How to find the number of operation ( multiplication or addition etc) required given a Keras model?

To compute the number of elementary operations, you need to understand what is happening under the hood.

Let $x$ be an input vector of size $n$.

Given such a vector, a dense layer of $m$ units with an activation function $f$ will execute the following operation: $$a = f(Wx + b)$$ $W$ is the weight matrix associated with the dense layer (its size is $m \times n$) and $b$ is the bias vector (of size $m$).

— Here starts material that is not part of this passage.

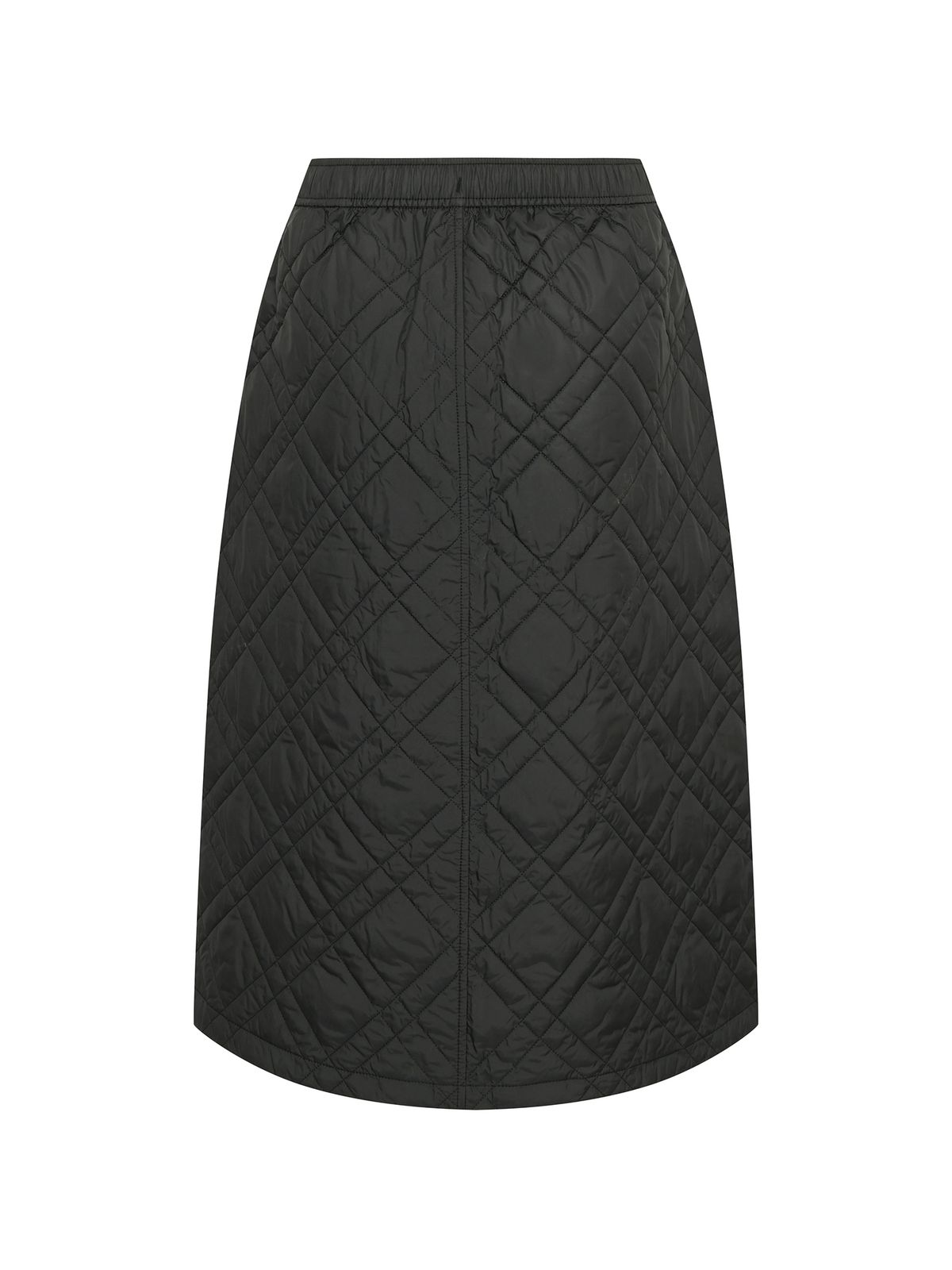 케이투(K2) AL-PACA PARKA QUILTED 스커트 W_Black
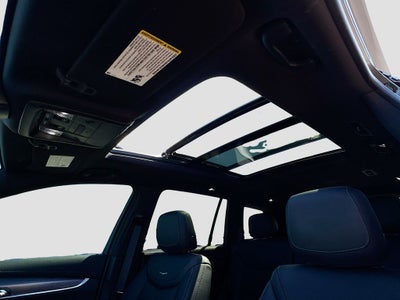 2023 Cadillac XT6 Luxury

We can derive from this formulation the following:

• The number of multiplications is $mn$ (this comes from the definition of the product $Wx$).
• The number of additions is $m(n-1) + m = mn$, where $m(n-1)$ comes from the definition of $Wx$ again, and $m$ comes from adding the bias vector $b$.

Then, $f$ is applied $m$ times (once on each component of the resulting vector $Wx +b$).

Applying this to your example:

• Layer 1 does $5 \times 232 = 1160$ multiplications and $1160$ additions, and applies $ReLU$ 5 times (because $m=5$, $n=232$ and $f=ReLU$),
• Layer 2 does $1 \times 5 = 5$ multiplications and $5$ additions, and applies $\sigma$ the sigmoid function 1 time only (because $m=1$, $n=5$ and $f=\sigma$)

The total number of multiplications is: $1165$ and the total number of additions is: $1165$.